- **WORK TO BE COMPLETED**: Below are records with pictures. Transcribe exactly, and only, the lines from the line with "3Pcs/set 1/2 Square" to the line with "Halloween Vintage Katzen Gesicht Poster", both ends included, but not the pictures.

BEGIN THE RECORDS

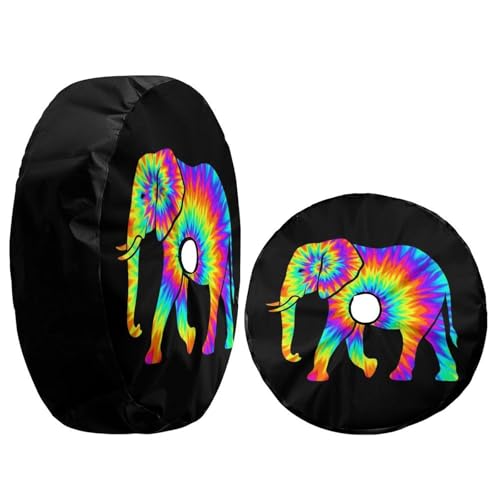 Image of Delerain Tie Dyed Elephant Spare Tire Cover with Backup Camera Hole Wheel Protectors Sun Protector Waterproof for RV Trailer RV SUV Truck and Many Vehicle(16 Inch for Diameter 29 inch-31 inch)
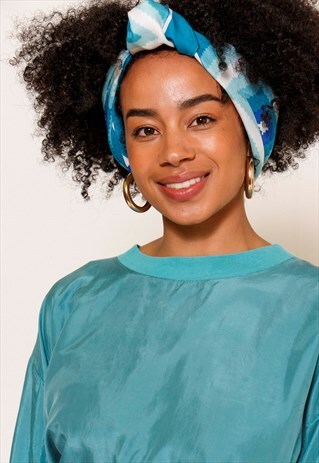 VINTAGE 90'S BLUE PRINTED HEADSCARF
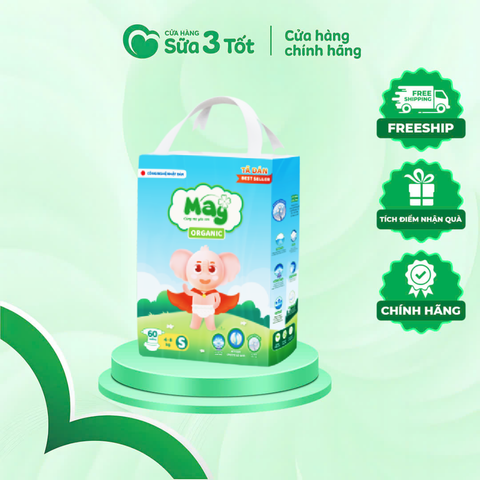 Bỉm Mây Organic - Dán - S60 (04-08Kg)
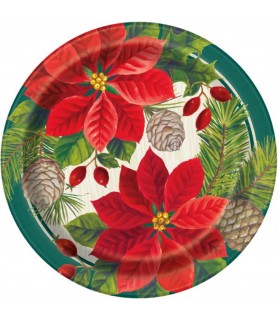 Christmas 'Red and Green Poinsettia' Small Paper Plates (8ct)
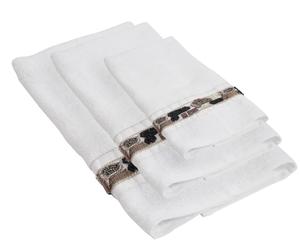 set asciugamani etno bianco (viso+ospite+doccia)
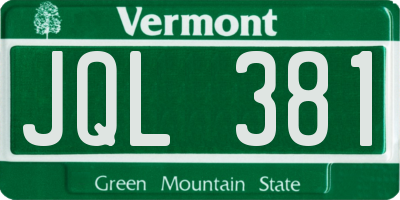 VT license plate JQL381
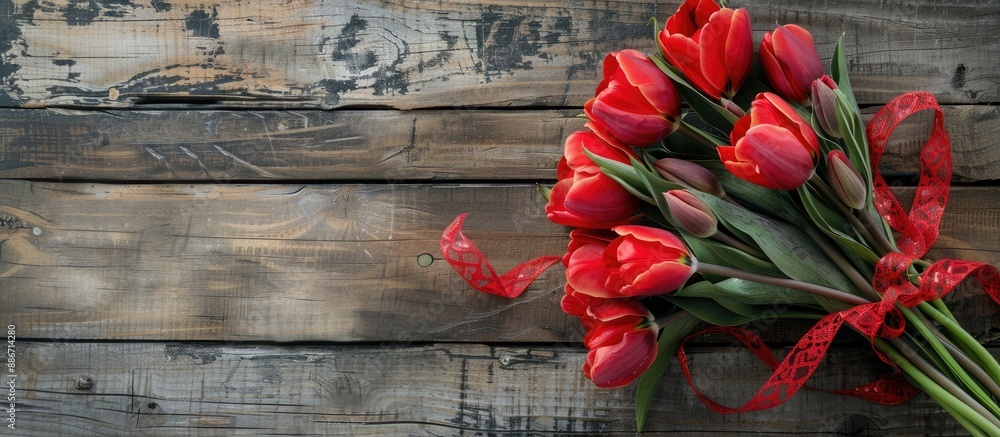 Poster tulip adorned ribbon displayed against a rustic wooden backdrop providing ample copy space image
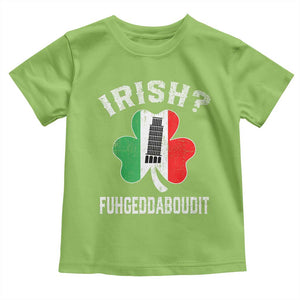 Funny St Patrick's Day Italian Toddler T Shirt Irish Fuhgeddaboudit Pisa Tower Shamrock TS11 Lime Print Your Wear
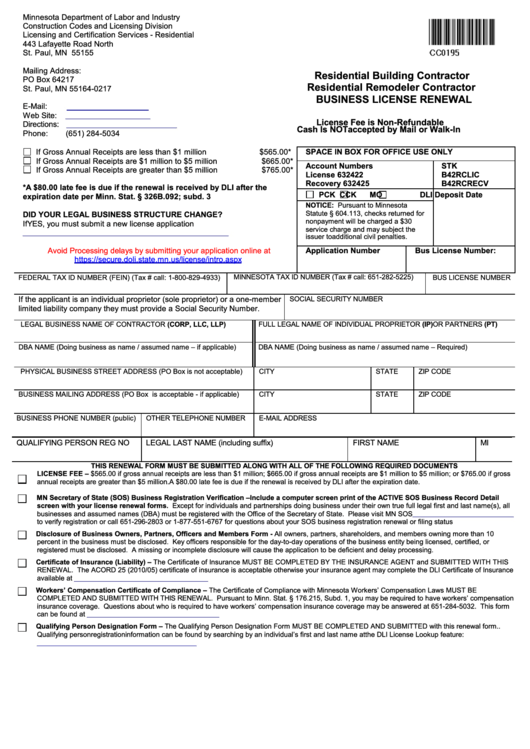 Fillable Form Cc0195 - Residential Building Contractor Residential Remodeler Contractor Business License Renewal -Minnesota Department Of Labor And Industry Printable pdf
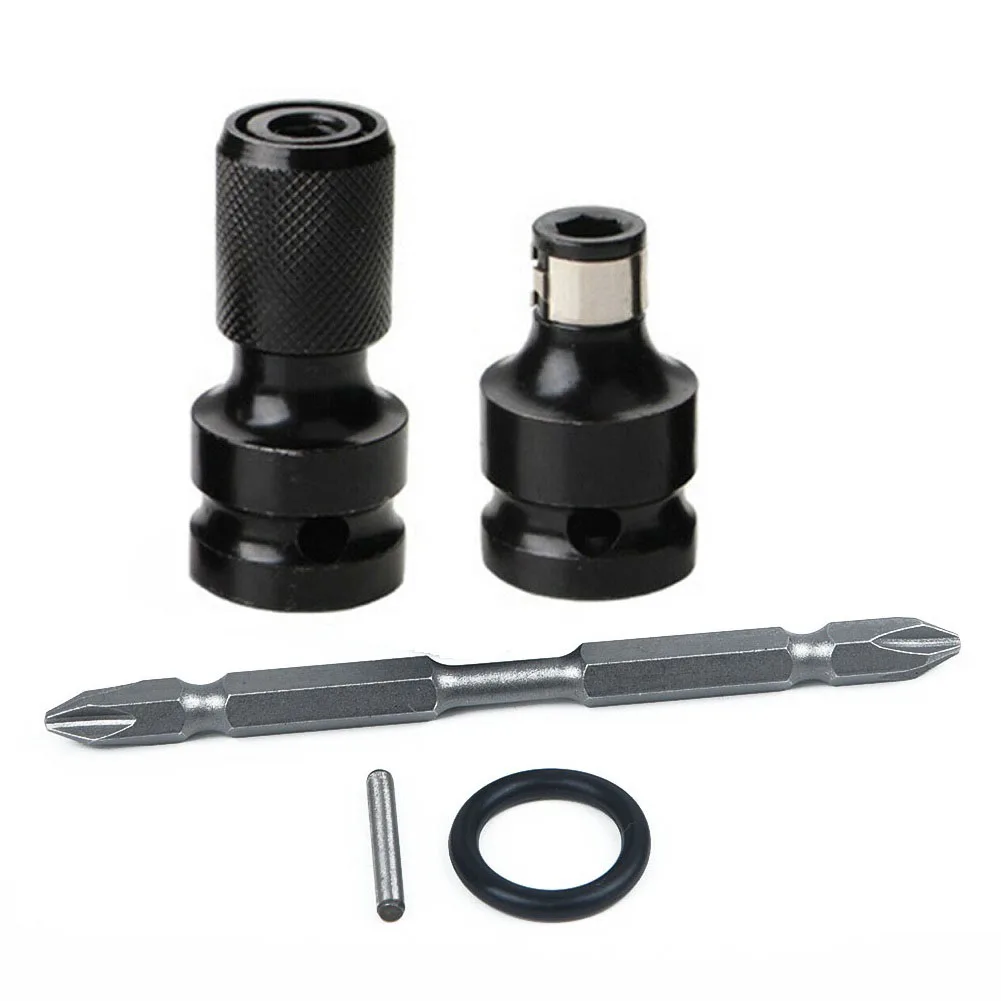 3Pcs/set 1/2 Square Drive To 1/4 Hex Shank Drill Bit Chuck Adapter Converter Kit Rive To 1/4 Hex Shank Drill Bit Chuck Adapter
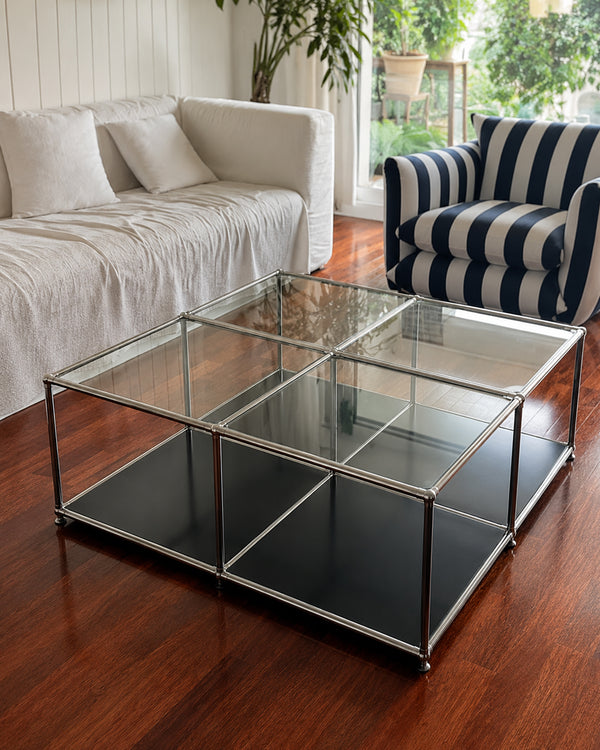 Modular Glass Stainless Steel Cube Coffee Table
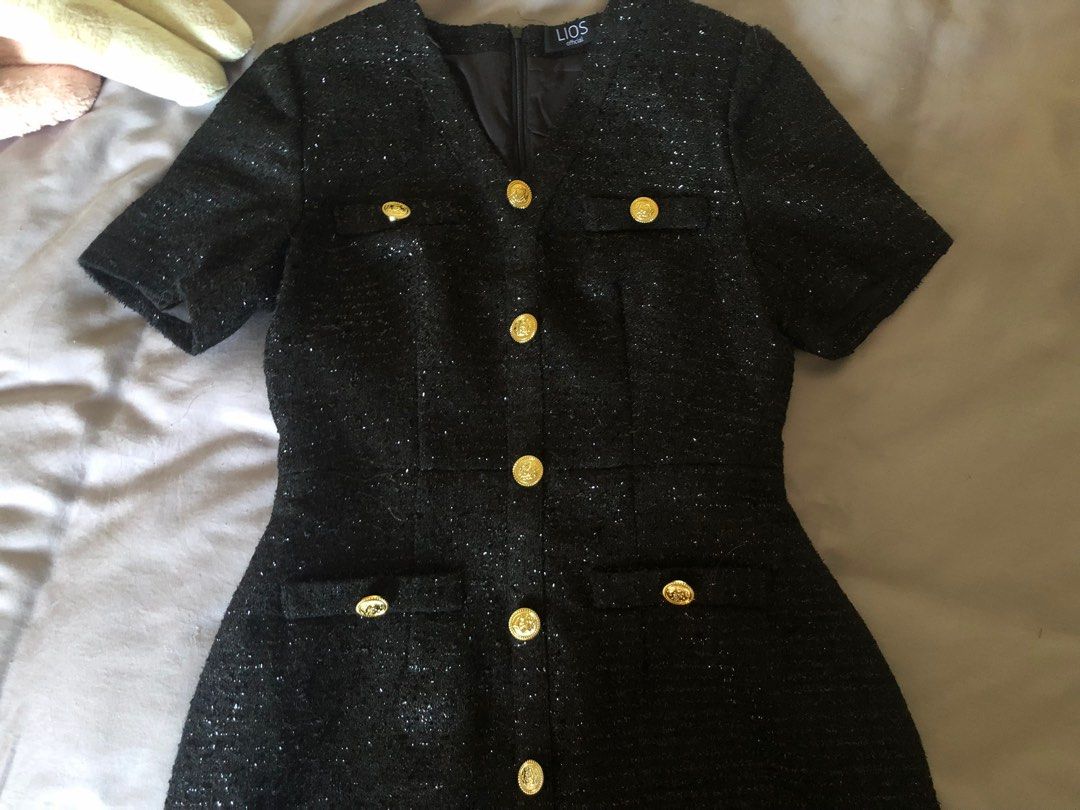 slim fit dress slacks Audrey Black Sequin Panelled Tweed Mini Dress, Xs / Black main image 0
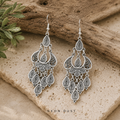 Silver Dust Chandelier Earrings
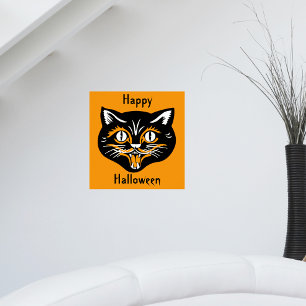 Halloween Vintage Katzen Gesicht Poster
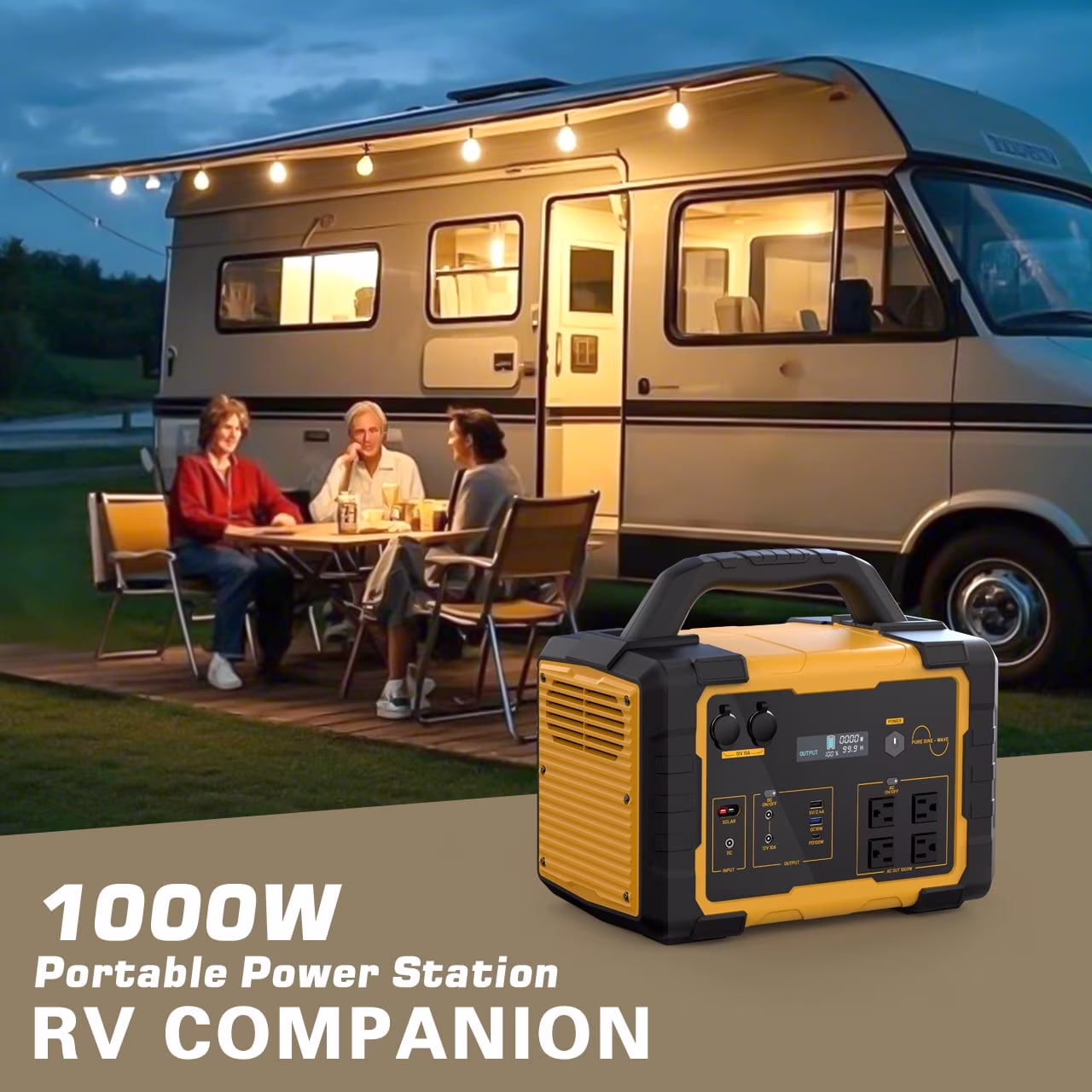 Yardmaster 1000W Portable Power Station W/ 120 AC Output, 3 LED Light Modes, Emergency Backup Power for Camping, Emergency, RV, Off - Grid Living(1000 W)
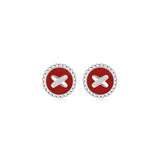 Red Agate Cross Badge 925 Silver Stud Earrings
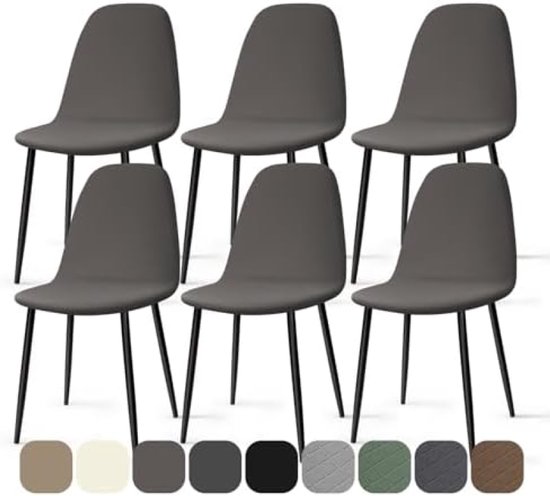 Stoelhoezen Set van 2 Universele Eetstoelhoezen Stretch Stoelhoes Moderne Stoelovertrek Afneembare Wasbare Eetkamerstoelhoezen Stoelbekleding voor Bruiloft,Party,Huis,Hotel (Donkergrijs,Set van 2)-C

END THE RECORDS

- **RESPONSE TO THIS EXERCISE**:
 3Pcs/set 1/2 Square Drive To 1/4 Hex Shank Drill Bit Chuck Adapter Converter Kit Rive To 1/4 Hex Shank Drill Bit Chuck Adapter
 Modular Glass Stainless Steel Cube Coffee Table
 slim fit dress slacks Audrey Black Sequin Panelled Tweed Mini Dress, Xs / Black main image 0
 Silver Dust Chandelier Earrings
 Halloween Vintage Katzen Gesicht Poster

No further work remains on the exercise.